* **ENTRIES SHOWN**:
+--
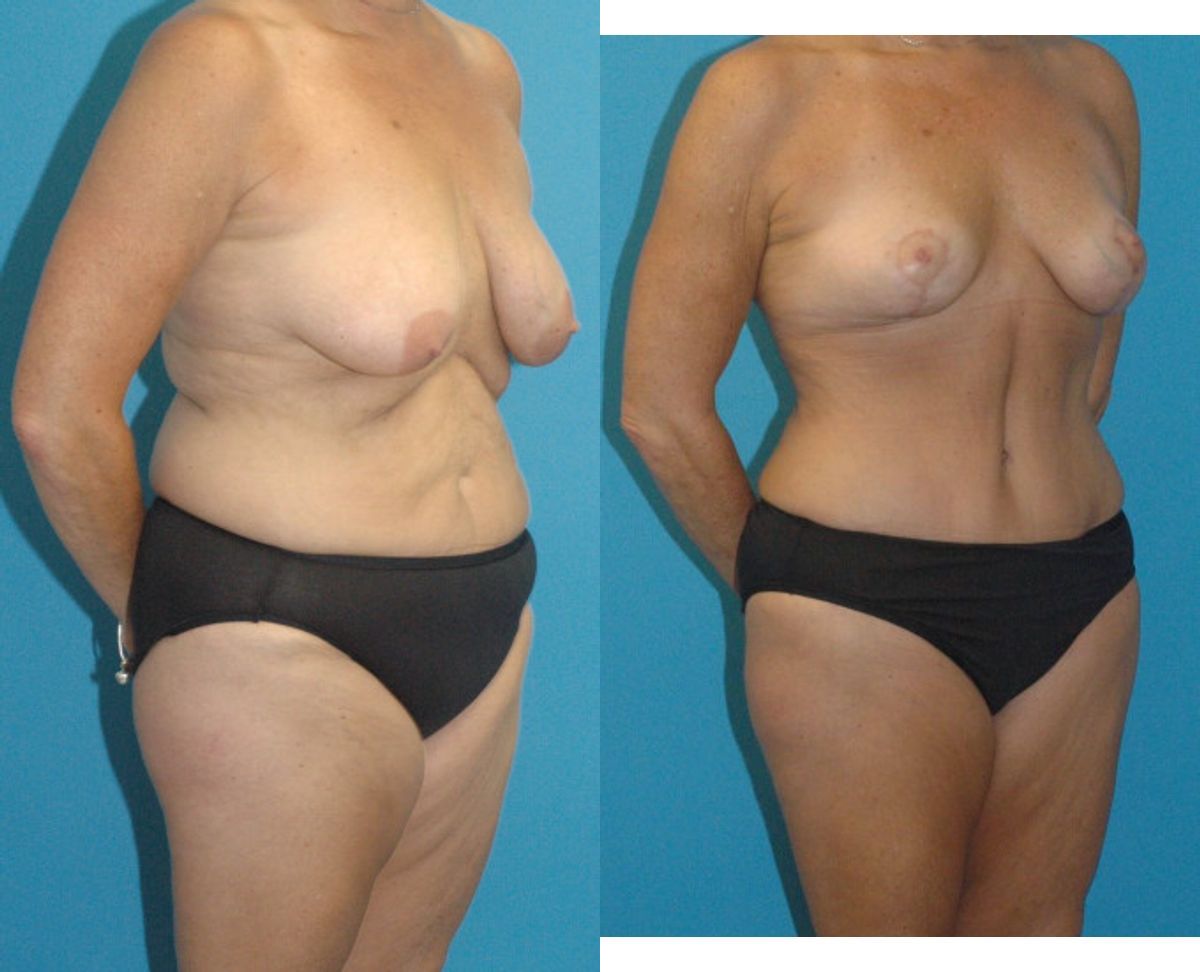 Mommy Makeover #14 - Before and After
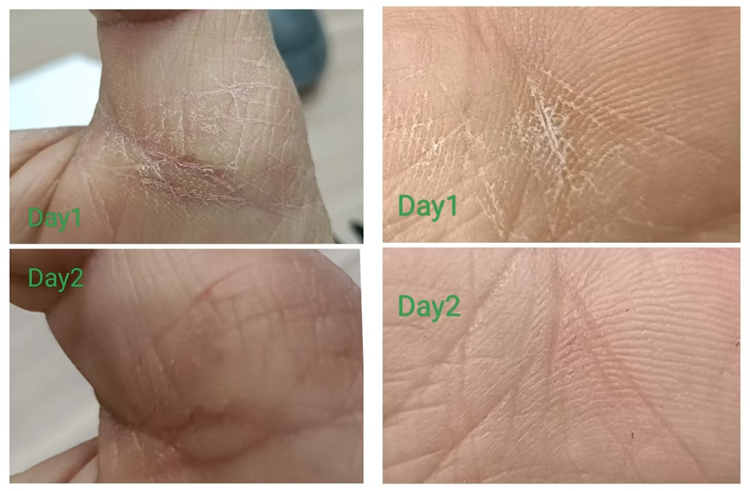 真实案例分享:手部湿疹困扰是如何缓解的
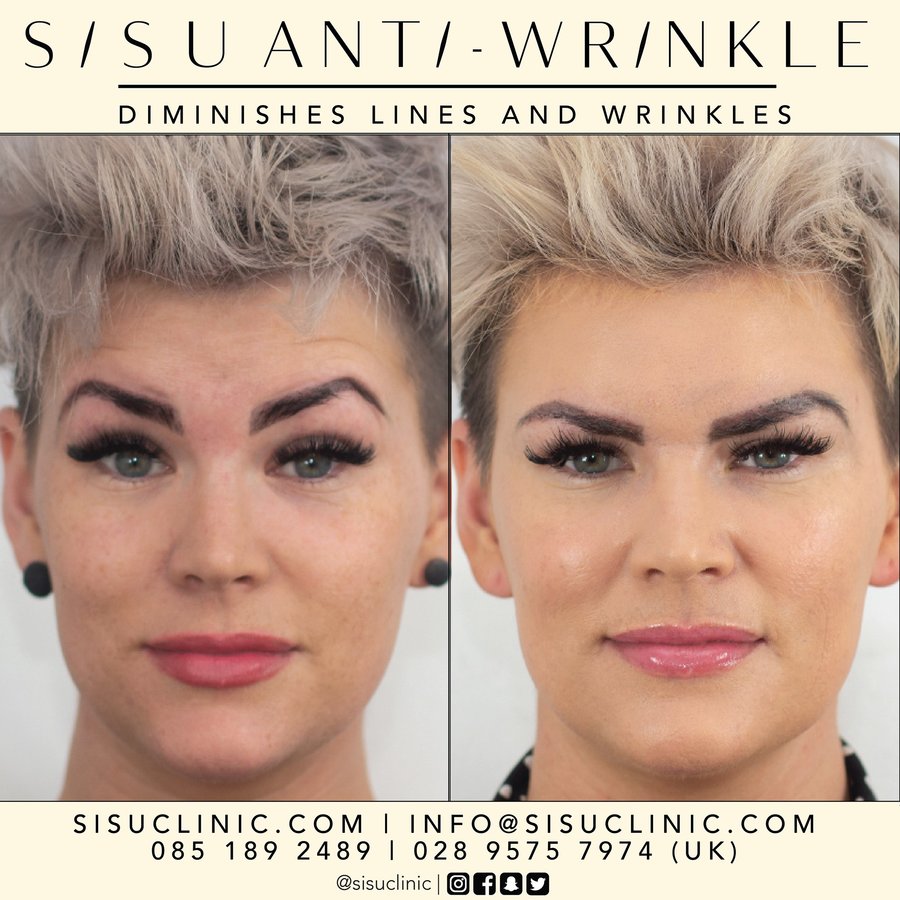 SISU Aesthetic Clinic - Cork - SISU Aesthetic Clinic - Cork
+--
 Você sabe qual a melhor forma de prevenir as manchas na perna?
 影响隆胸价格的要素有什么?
+--
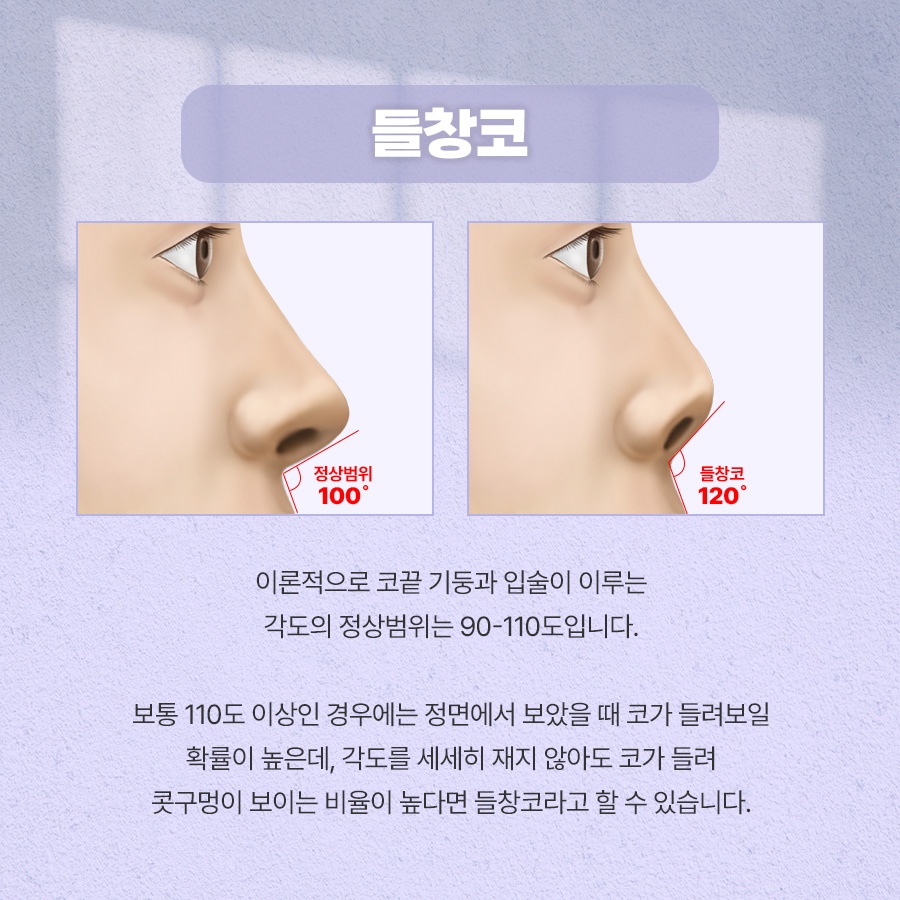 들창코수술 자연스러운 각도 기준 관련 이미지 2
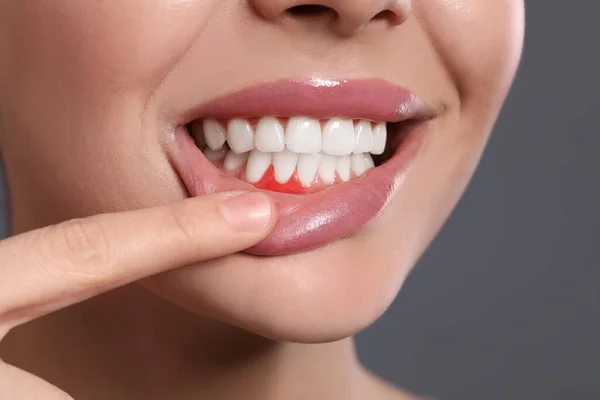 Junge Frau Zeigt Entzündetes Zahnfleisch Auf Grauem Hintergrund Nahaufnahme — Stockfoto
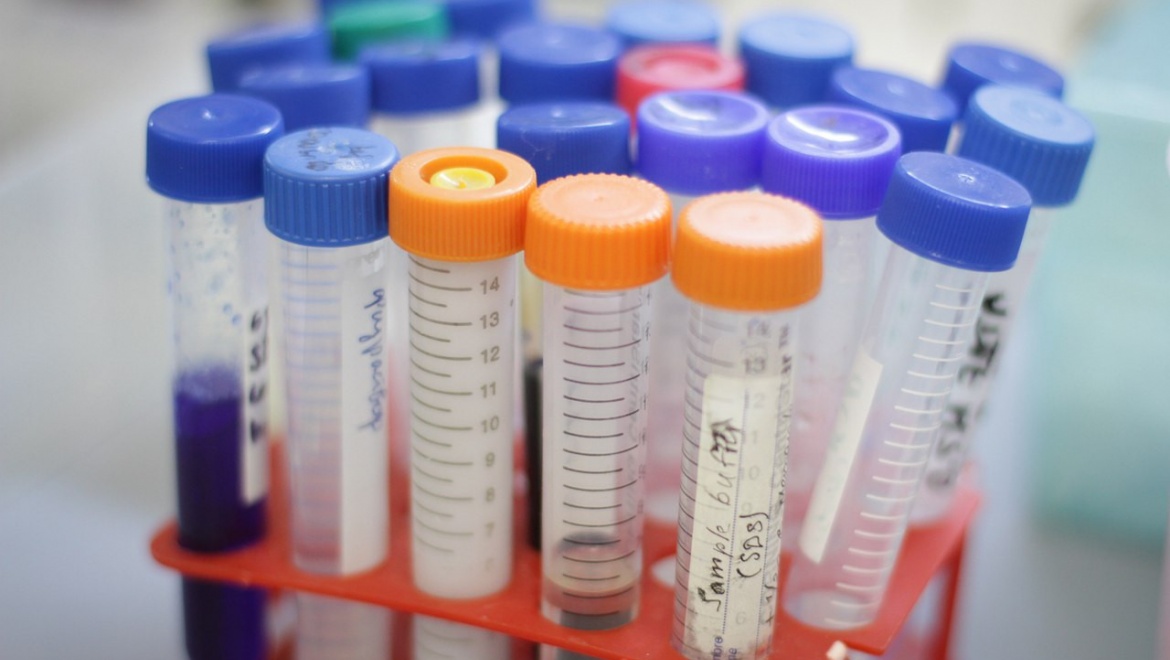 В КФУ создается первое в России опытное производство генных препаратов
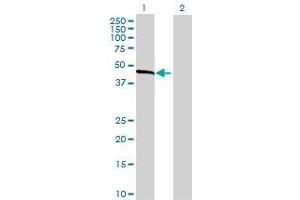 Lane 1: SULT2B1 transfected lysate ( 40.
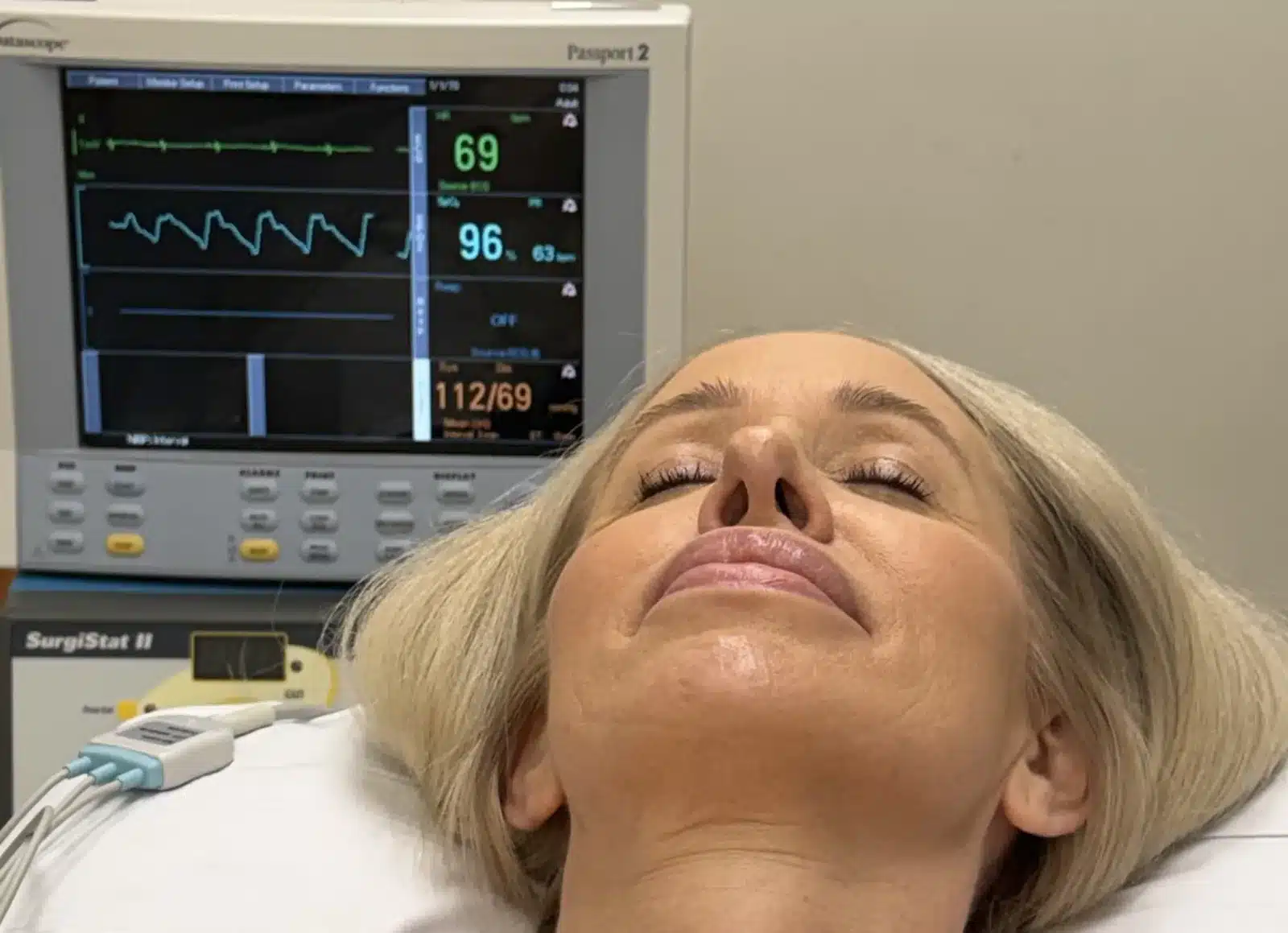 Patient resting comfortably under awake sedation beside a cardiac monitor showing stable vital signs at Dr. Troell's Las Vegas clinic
+--
* **TASK OBJECTIVE**: Return the stretch of data that begins with the line showing "들창코수술 자연스러운 각도 기준 관련 이미지 2" and goes on through the line showing "Patient resting comfortably", exactly, with pictures removed.

* **ANSWER BOX**:
 들창코수술 자연스러운 각도 기준 관련 이미지 2
 Junge Frau Zeigt Entzündetes Zahnfleisch Auf Grauem Hintergrund Nahaufnahme — Stockfoto
 В КФУ создается первое в России опытное производство генных препаратов
 Lane 1: SULT2B1 transfected lysate ( 40.
 Patient resting comfortably under awake sedation beside a cardiac monitor showing stable vital signs at Dr. Troell's Las Vegas clinic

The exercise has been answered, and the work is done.